Atomic force microscope
Dimension 3100 Nanoscope IIIa with an extender box, by Digital Instruments/Veeco (Santa Barbara, CA), was used in this study. The imaging was done in liquid using a standard fluid holder. There were two types of the AFM cantilevers used for the imaging in tapping mode. The first tip, tip 1 (FESP AFM cantilevers with silicon tip; Digital Instruments/Veeco), was used for tapping-mode scanning in liquid. The radius of the probe was tested on a 3-D tip characterization gratings (TGT1 by Micromash, Englewood, CO). A typical AFM tip used had an apex radius of ∼10 nm. The driven oscillating amplitude was at 20 mV; the oscillating frequency in liquids was ∼30 KHz. The second cantilever tip, tip 2, was a regular V-shaped silicon nitride cantilever with an integrated pyramidal tip (Digital Instruments/Veeco). The driving amplitude was set at 3 V, with an oscillating frequency of 6 Khz. Both tips were cleaned before each series of measurements by an ultraviolet short-wave lamp for 2 min. The scan rate was set at 0.5–1 Hz to optimize the image quality. Each image was collected in resolutions of 512 × 512 pixels. It is worth noting that there is no need, to our knowledge, of a force constant using the method suggested here.

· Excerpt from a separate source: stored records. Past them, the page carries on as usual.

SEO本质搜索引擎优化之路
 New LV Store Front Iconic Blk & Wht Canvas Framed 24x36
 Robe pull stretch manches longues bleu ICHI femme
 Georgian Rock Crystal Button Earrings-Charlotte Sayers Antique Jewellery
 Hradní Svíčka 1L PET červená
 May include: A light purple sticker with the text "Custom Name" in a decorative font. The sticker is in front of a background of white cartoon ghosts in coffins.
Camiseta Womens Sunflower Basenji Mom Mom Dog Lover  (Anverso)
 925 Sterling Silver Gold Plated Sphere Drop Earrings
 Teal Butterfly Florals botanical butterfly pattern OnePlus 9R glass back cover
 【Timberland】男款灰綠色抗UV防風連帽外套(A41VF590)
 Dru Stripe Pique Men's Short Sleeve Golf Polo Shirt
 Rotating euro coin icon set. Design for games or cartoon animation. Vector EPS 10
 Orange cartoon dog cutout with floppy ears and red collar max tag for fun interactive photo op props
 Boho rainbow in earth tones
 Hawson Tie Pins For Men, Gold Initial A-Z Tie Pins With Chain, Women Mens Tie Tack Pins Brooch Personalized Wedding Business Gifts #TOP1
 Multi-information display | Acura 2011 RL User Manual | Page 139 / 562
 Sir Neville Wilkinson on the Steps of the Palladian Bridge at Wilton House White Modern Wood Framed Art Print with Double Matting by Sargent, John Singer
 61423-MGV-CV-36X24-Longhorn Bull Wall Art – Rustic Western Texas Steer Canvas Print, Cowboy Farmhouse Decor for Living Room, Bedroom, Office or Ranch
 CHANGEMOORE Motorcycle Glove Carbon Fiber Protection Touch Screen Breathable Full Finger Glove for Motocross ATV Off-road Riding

For the force-volume mode, a V-shaped silicon nitride cantilever with integrated pyramidal tip (similar to tip 2 above) was used. The radius of curvature of the tip was ∼20 nm, and was found by using the same method as above. The force constant was found to be 0.04 N/m by using the resonance shift method (built-in option of Nanoscope 5.12r4 software).
RESULTS AND DISCUSSION
Method of detection of the rigidity change with AFM
Rationale
A more traditional approach to measure rigidity of thin film would be to record the force-distance curves and derive the Young's modulus directly from the curves. To do that, however, one has to 1), collect enough statistics to take into account a possible inhomogeneity of the film; and 2), know the topography of the film. In the case of the gold film on the QCM sensor, the surface can be approximately described as flat-covered with spherical protrusions (Fig. 3). The formulas describing the interaction between the AFM tip and the surface are quite different if the AFM tip scans above the top of the spherical protrusion, or in the valley between the protrusions. To measure simultaneously the tip position and the geometry of the surface, one needs to use the AFM force-volume mode (25–27). However, this particular mode requires a much longer time than the regular mode of scanning. It also is quite limited in the size of area it can examine because it is limited to 64 × 64 pixels to record the image. In addition, the film on the surface of the QCM sensor is not ideal. One area can differ from another area on the surface quite dramatically. Therefore, one needs to repeat the force-volume measurements many times at different areas to collect enough statistical data. Finally, to get reliable contact in the force-volume mode, one needs to use force that might damage a soft molecular layer.
FIGURE 3.
A configuration of an AFM tip and two spherical protrusions.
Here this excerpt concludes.